This is a beautifully presented book, an observation made poignant by the knowledge that the publisher Pandanus Books has had to close down as a result of mounting debt and a withdrawal of support from the Australian National University.

Academic publisher Pandanus, launched in 2001, specialised in books relating to Asia and the Pacific, but in an eclectic fashion that saw works of fiction, poetry and memoir produced as well as 'scholarly texts relating to the region'. Pandanus's founder, Ian Templeman, has been reported as claiming that the university's financial argument for the closure, while it may be true, masks an deeper ideological motive.
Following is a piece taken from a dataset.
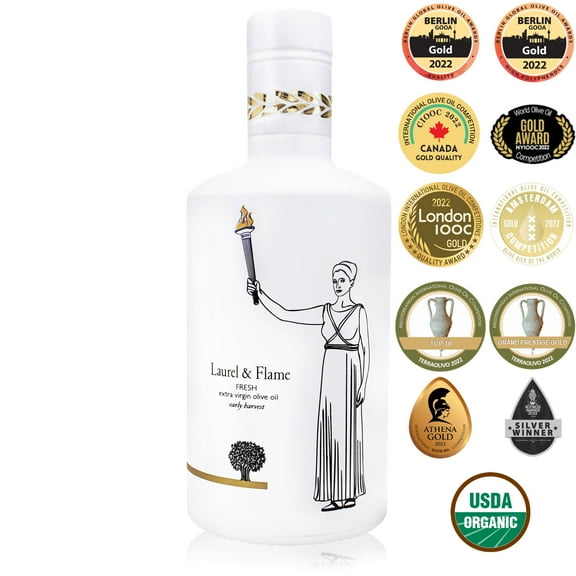 Laurel & Flame Fresh Organic, Top Polyphenols, Extra Virgin Olive Oil, Raw & Unprocessed, 500 ml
'The closure, he says, has more to do with a corporatist ethos than with Pandanus's debts. ... "I think all university presses are cultural publishers. They are not trade publishers. No university press I know of runs at a profit." ... the ACT government has been thinking about co-subsidising Pandanus but the university wasn't interested' (Rosemary Neill, 'Review', The Weekend Australian', Dec.9-10, 2006, pp 12-13).

This demise of small specialist presses that operate from imperatives other than the financial is worrying for the increasing number of established poets unable to find publishers for their collections - so we can be grateful that Kelen's latest managed to be launched into the world.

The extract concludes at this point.